Data in this exercise Start Marker

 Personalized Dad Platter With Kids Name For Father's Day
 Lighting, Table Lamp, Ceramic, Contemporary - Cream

Data in this exercise End Marker
Data in this exercise Start Marker

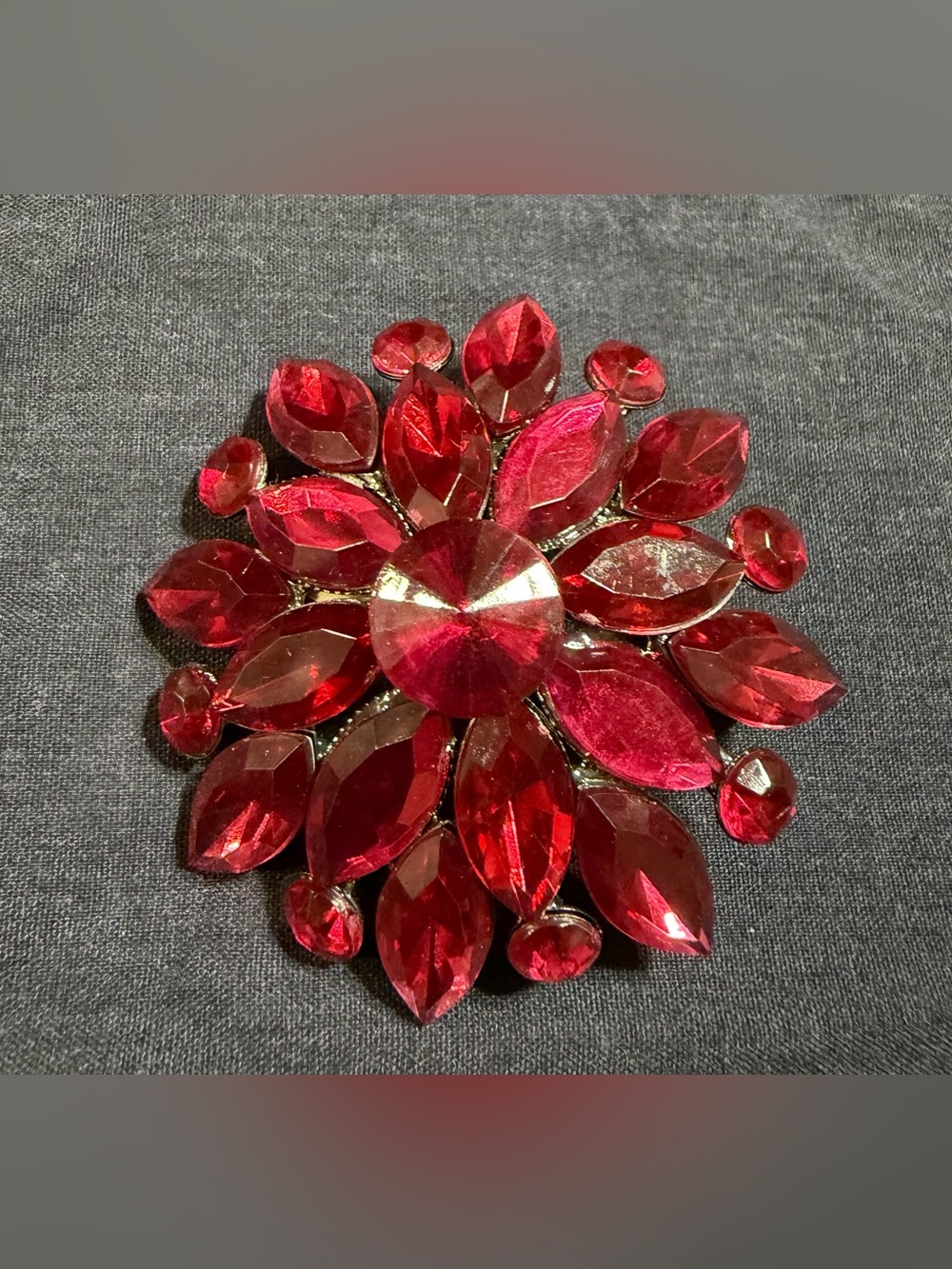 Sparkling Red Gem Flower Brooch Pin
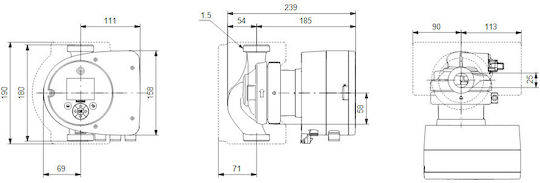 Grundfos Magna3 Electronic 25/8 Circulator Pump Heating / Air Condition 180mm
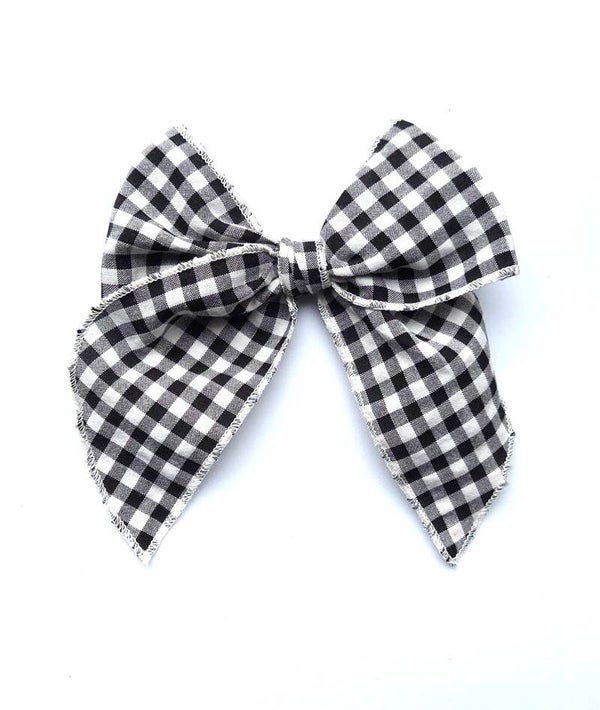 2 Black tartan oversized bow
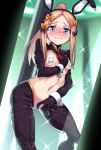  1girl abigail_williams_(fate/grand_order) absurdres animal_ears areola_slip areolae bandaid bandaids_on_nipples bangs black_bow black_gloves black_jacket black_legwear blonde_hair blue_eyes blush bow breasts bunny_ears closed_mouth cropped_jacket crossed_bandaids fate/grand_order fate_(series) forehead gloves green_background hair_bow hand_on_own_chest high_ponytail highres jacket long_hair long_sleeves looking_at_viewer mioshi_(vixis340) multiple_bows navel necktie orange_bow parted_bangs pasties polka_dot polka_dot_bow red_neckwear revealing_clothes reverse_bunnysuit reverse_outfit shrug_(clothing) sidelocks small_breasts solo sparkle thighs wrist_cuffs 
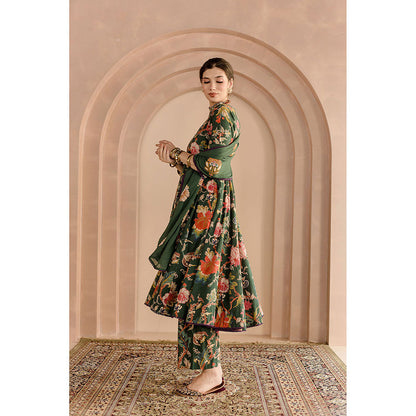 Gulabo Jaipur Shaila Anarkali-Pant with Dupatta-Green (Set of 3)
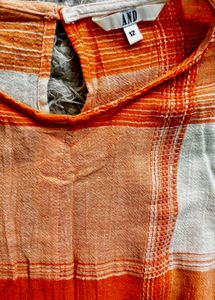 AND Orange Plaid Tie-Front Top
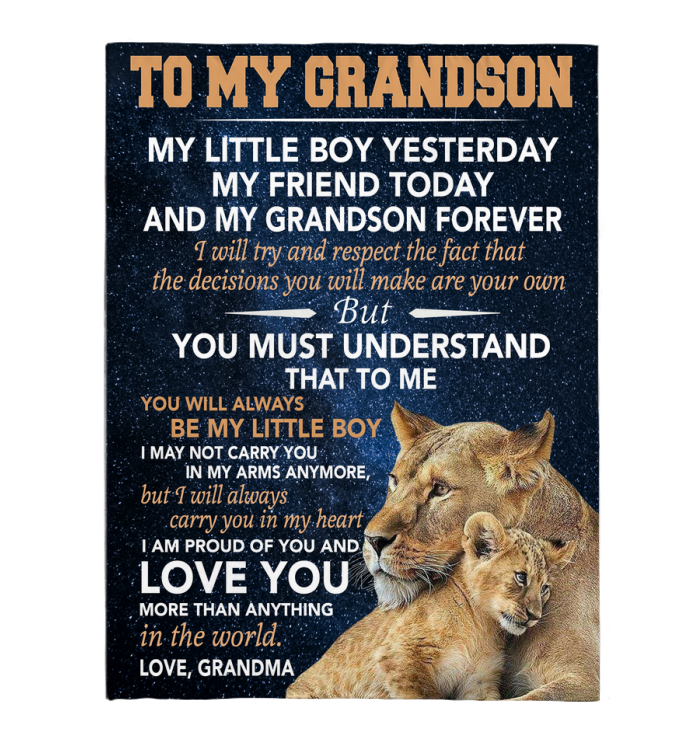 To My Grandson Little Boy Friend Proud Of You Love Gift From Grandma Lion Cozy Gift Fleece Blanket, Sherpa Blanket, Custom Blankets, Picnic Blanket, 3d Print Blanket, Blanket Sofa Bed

Data in this exercise End Marker
Data in this exercise Start Marker

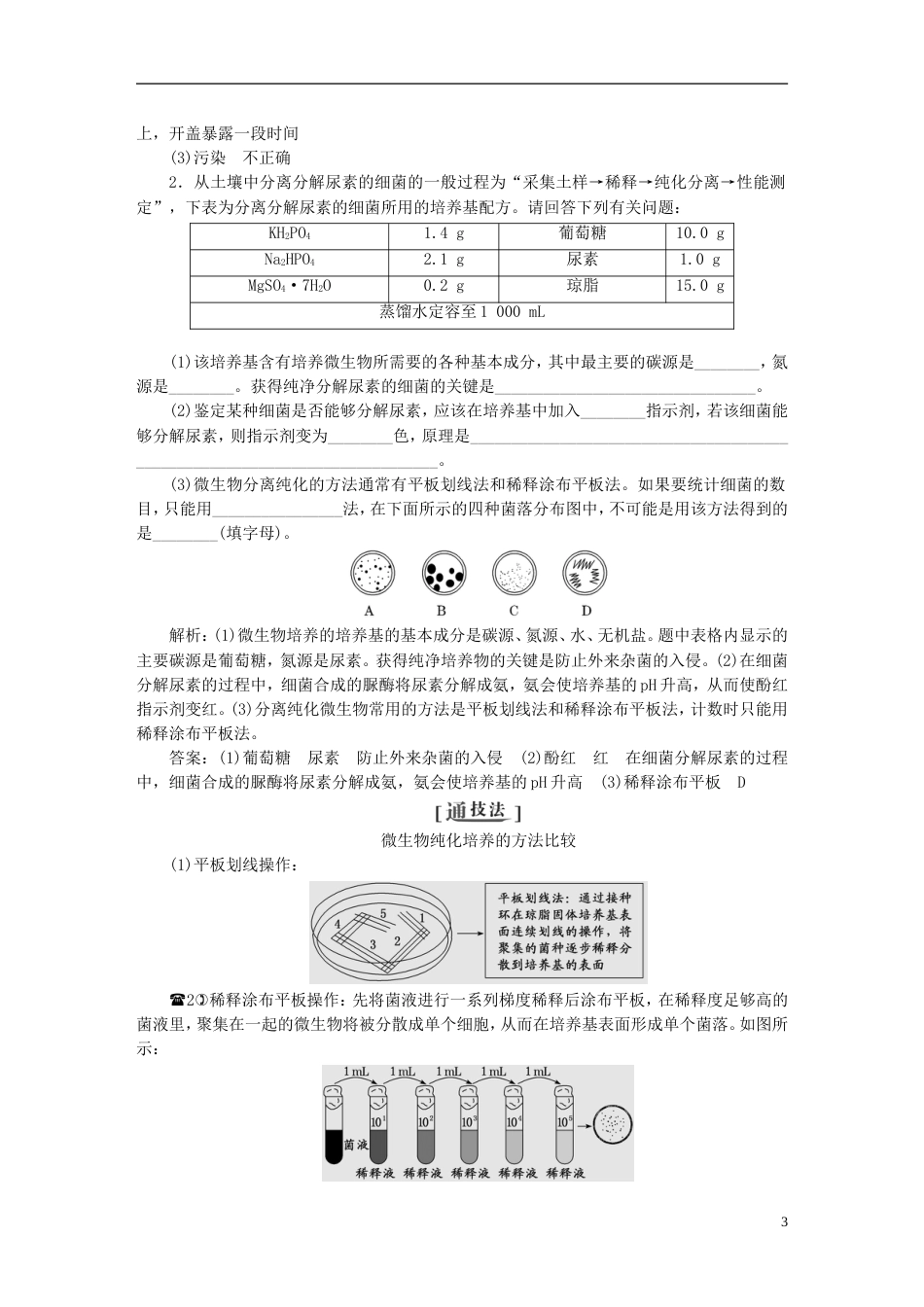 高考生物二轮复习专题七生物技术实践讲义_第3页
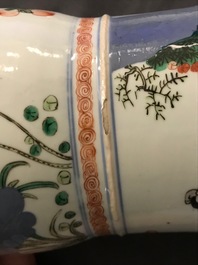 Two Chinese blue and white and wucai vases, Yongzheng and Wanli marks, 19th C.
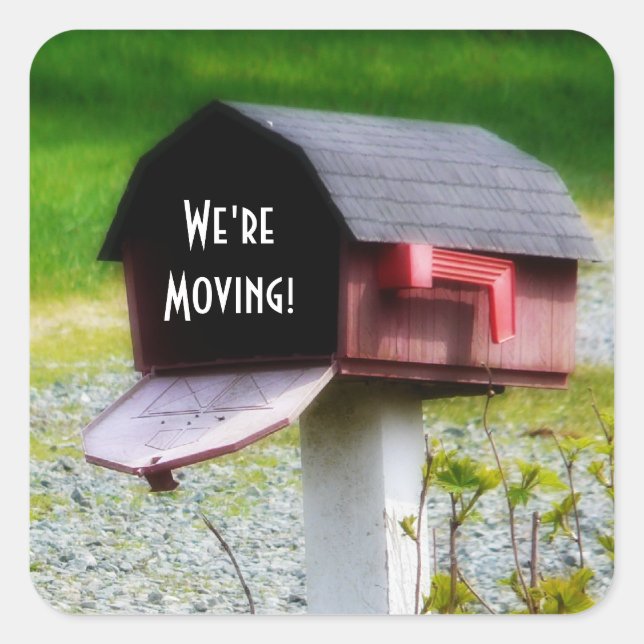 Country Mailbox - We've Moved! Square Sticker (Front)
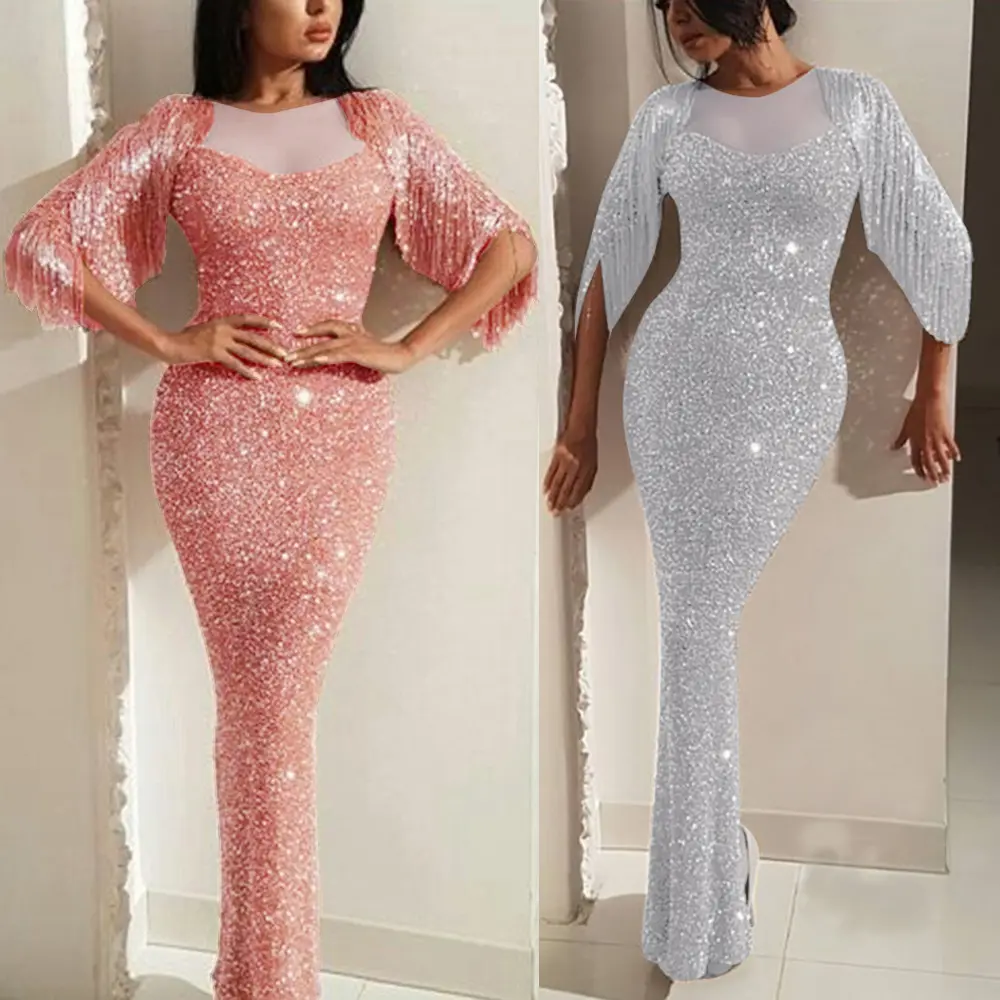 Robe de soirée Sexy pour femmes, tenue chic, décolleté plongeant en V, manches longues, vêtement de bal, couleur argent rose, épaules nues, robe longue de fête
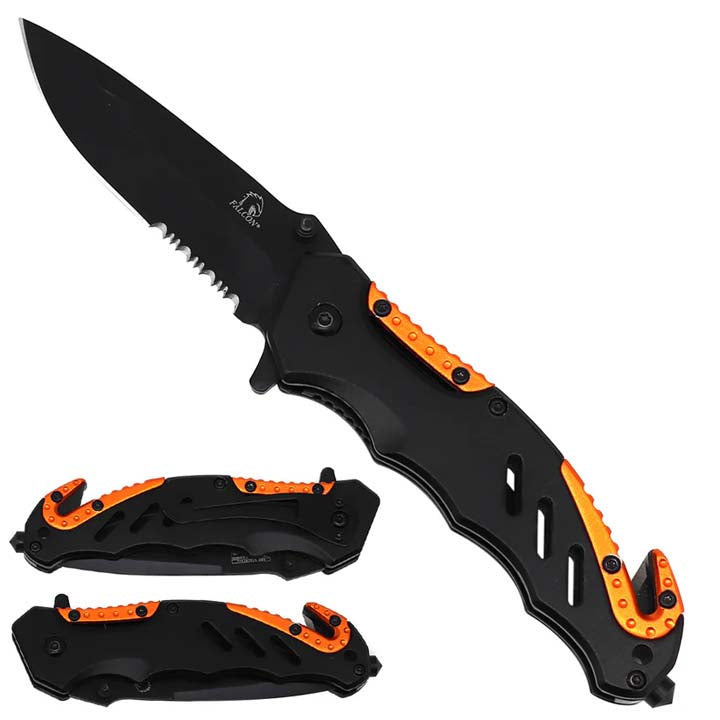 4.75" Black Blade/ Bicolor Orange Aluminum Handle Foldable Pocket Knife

Data in this exercise End Marker

§ What you will do
Your answer is the exact run of lines above from the one with "Sparkling Red Gem Flower Brooch Pin" through the one with "Gulabo Jaipur Shaila", both ends included, minus any picture.

§ Task answer
 Sparkling Red Gem Flower Brooch Pin
 Grundfos Magna3 Electronic 25/8 Circulator Pump Heating / Air Condition 180mm
 2 Black tartan oversized bow
  1girl abigail_williams_(fate/grand_order) absurdres animal_ears areola_slip areolae bandaid bandaids_on_nipples bangs black_bow black_gloves black_jacket black_legwear blonde_hair blue_eyes blush bow breasts bunny_ears closed_mouth cropped_jacket crossed_bandaids fate/grand_order fate_(series) forehead gloves green_background hair_bow hand_on_own_chest high_ponytail highres jacket long_hair long_sleeves looking_at_viewer mioshi_(vixis340) multiple_bows navel necktie orange_bow parted_bangs pasties polka_dot polka_dot_bow red_neckwear revealing_clothes reverse_bunnysuit reverse_outfit shrug_(clothing) sidelocks small_breasts solo sparkle thighs wrist_cuffs 
 Gulabo Jaipur Shaila Anarkali-Pant with Dupatta-Green (Set of 3)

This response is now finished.